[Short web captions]
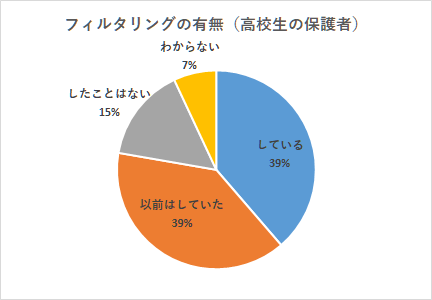 フィルタリングの有無（高）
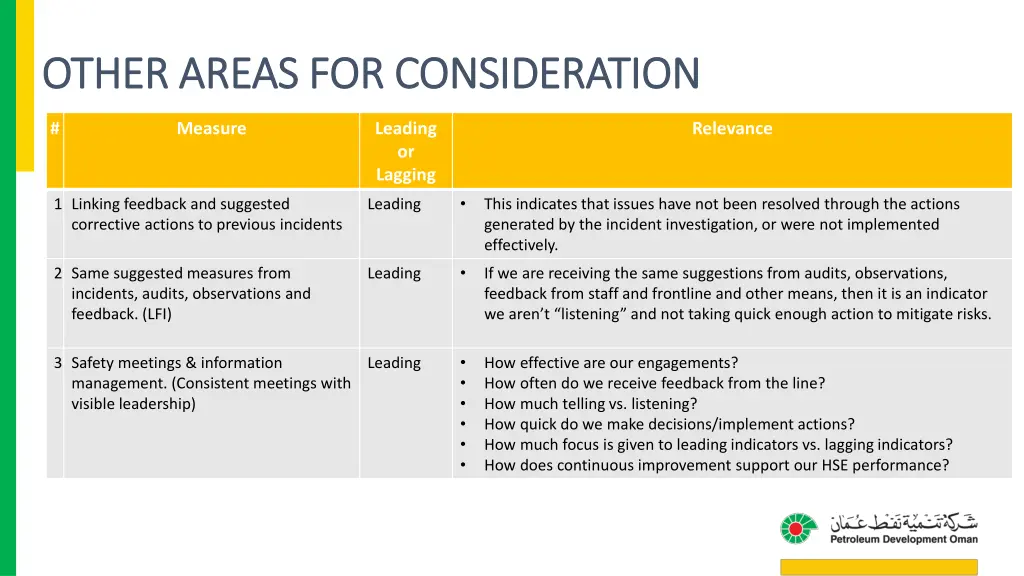 other areas for consideration other areas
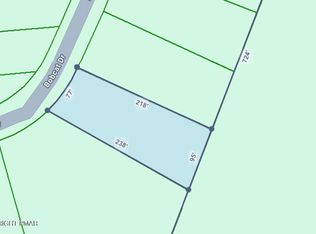 Bobcat Dr, Bushkill, PA 18324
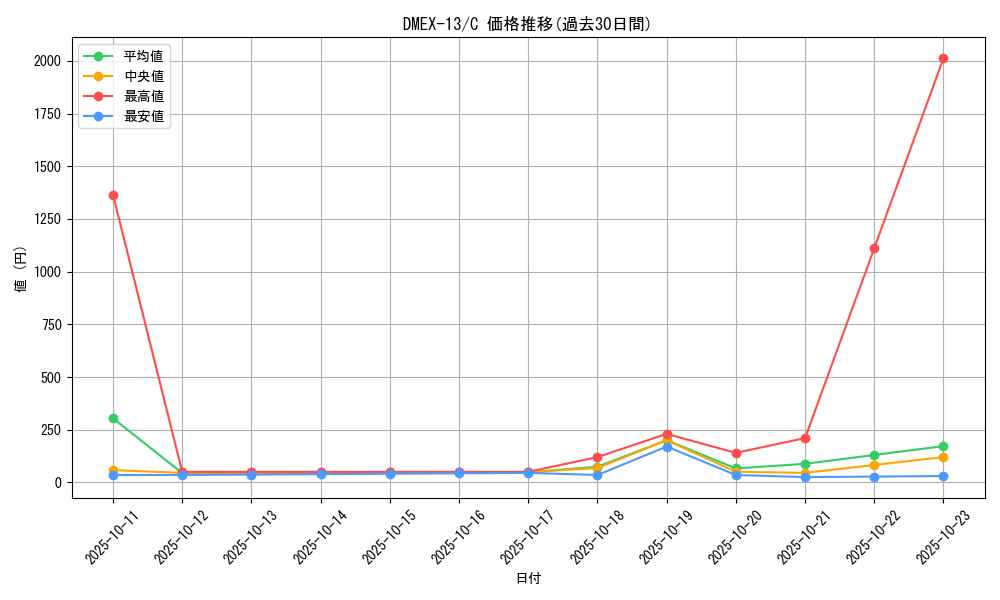 series_65425_rarity_101888_graph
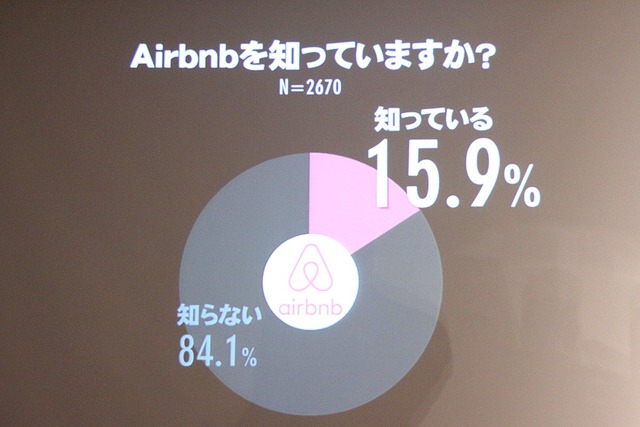 Airbnbの認知度の向上と利用促進を図っていく
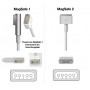 Magsafe / Magsafe 2 adapter (Apple)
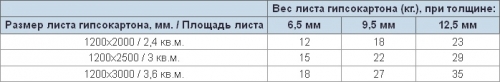  Как выровнять стены своими руками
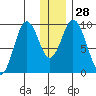 Andreon Bay tide chart for Wednesday, December 28, 2022
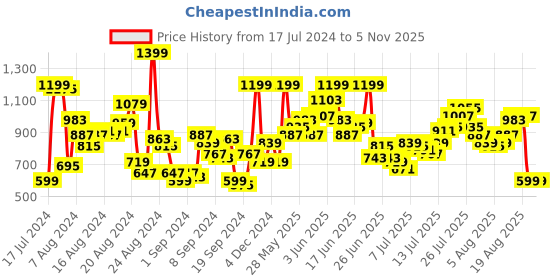 myntra.com The Roadster Lifestyle Co. Men Heavy Fade Stretchable Jeans roadster Price History Graph from 17 Jul 2024 to 5 Nov 2025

◆ **Problem to solve**
Go to the line with "Bobcat Dr, Bushkill, PA 18324" in the entries above. Reproduce that line and each one after it to the end, exactly and without the pictures.

◆ **Response to the task**
 Bobcat Dr, Bushkill, PA 18324
 series_65425_rarity_101888_graph
 Airbnbの認知度の向上と利用促進を図っていく
 Magsafe / Magsafe 2 adapter (Apple)
  Как выровнять стены своими руками
 Andreon Bay tide chart for Wednesday, December 28, 2022
 myntra.com The Roadster Lifestyle Co. Men Heavy Fade Stretchable Jeans roadster Price History Graph from 17 Jul 2024 to 5 Nov 2025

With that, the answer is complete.